Previously Untreated Mantle Cell Lymphoma

Recommended Dosage in Combination with Rituximab, Cyclophosphamide, Doxorubicin and Prednisone

Pfizer Bortezomib Powder for Injection is administered at the recommended dose of 1.3 mg/m2 body surface area twice weekly for two weeks on Days 1, 4, 8, and 11, followed by a 10-day rest period on Days 12–21. This 3-week period is considered a treatment cycle. Six bortezomib cycles are recommended, although for patients with a response first documented at Cycle 6, two additional bortezomib cycles may be given.
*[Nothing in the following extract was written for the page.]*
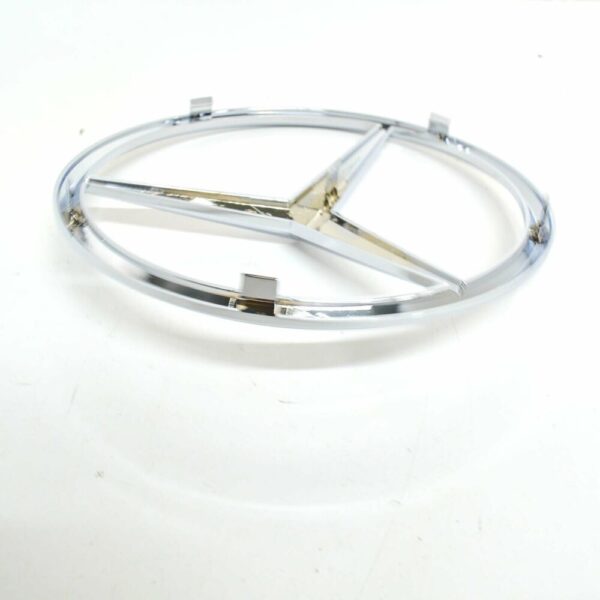 A9068170016 - NEW MB SPRINTER 906 FRONT RADIATOR GRILLE EMBLEM BADGE A9068170016 OEM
At least 72 hours should elapse between consecutive doses of bortezomib.

The following medicinal products are administered on Day 1 of each bortezomib 3-week treatment cycle as intravenous infusions: rituximab at 375 mg/m2, cyclophosphamide at 750 mg/m2, and doxorubicin at 50 mg/m2.

Prednisone is administered orally at 100 mg/m2 on Days 1, 2, 3, 4 and 5 of each treatment cycle.

Dose Adjustments during Treatment for Patients with Previously Untreated Mantle Cell Lymphoma

Prior to initiating a new cycle of therapy:

  • Platelet count should be ≥100 x 109/L and ANC should be ≥1.5 x 109/L

  • Haemoglobin should be ≥8 g/dL

  • Non-haematologic toxicity should have recovered to Grade 1 or baseline

Bortezomib treatment must be withheld at the onset of any ≥Grade 3 bortezomib-related nonhaematological toxicities (excluding neuropathy) or ≥Grade 3 haematological toxicities (see also section 4.4 – please refer to the Product Insert/Patient Information Leaflet published on HSA for the full drug information). For dose adjustments, see Table 4 below. Colony stimulating factors may be administered for haematologic toxicity according to local standard practice. Platelet transfusion for the treatment of thrombocytopenia may be considered.

Pfizer Bortezomib Dosage Table 4



In addition, when bortezomib is given in combination with other chemotherapeutic medicinal products, appropriate dose reductions for these medicinal products should be considered in the event of toxicities, according to the recommendations in the respective Product Information documents.

Patients with Renal Impairment

Based on the data from a small study, the pharmacokinetics of bortezomib are not influenced by mild (CrCL=40–59 mL/min/1.73 m2, n=10) or moderate (CrCL=20–39 mL/min/1.73 m2, n=9) renal impairment. Therefore, dosing adjustments of bortezomib are not necessary for these patients. The effect of severe renal impairment (CrCL<20 mL/min/1.73 m2) has not been determined. Since dialysis may reduce bortezomib concentrations, the drug should be administered after the dialysis procedure (see section 5.2 – please refer to the Product Insert/Patient Information Leaflet published on HSA for the full drug information).

Patients with Hepatic Impairment

Patients with mild hepatic impairment do not require a starting dose adjustment and should be treated per the recommended bortezomib dose. Patients with moderate or severe hepatic impairment should be started on bortezomib at a reduced dose of 0.7 mg/m2 per injection during the first cycle, and a subsequent dose escalation to 1.0 mg/m2 or further dose reduction to 0.5 mg/m2 may be considered based on patient tolerance (see Table 5).

Pfizer Bortezomib Dosage Table 5



Paediatric Use

The safety and effectiveness of bortezomib in children has not been established.

Method of Administration

Intravenous injection (IV)

Bortezomib is administered as a 3–5 second bolus intravenous injection through a peripheral or central intravenous catheter followed by a flush with 0.9% sodium chloride solution for injection.

Subcutaneous injection (SC)

The reconstituted solution is injected into the thighs (right or left) or abdomen (right or left). Injection sites should be rotated for successive injections.

If local injection site reactions occur following bortezomib injection subcutaneously, a less concentrated bortezomib solution (1 mg/mL instead of 2.5 mg/mL) may be administered subcutaneously or change to IV injection.

When bortezomib is given in combination with other medicinal products, refer to the Product Information for these products for instructions for administration.

Contraindications

4.3 Contraindications

Pfizer Bortezomib Powder for Injection is contraindicated in patients with acute diffuse infiltrative pulmonary and pericardial disease and hypersensitivity to bortezomib, boron or mannitol.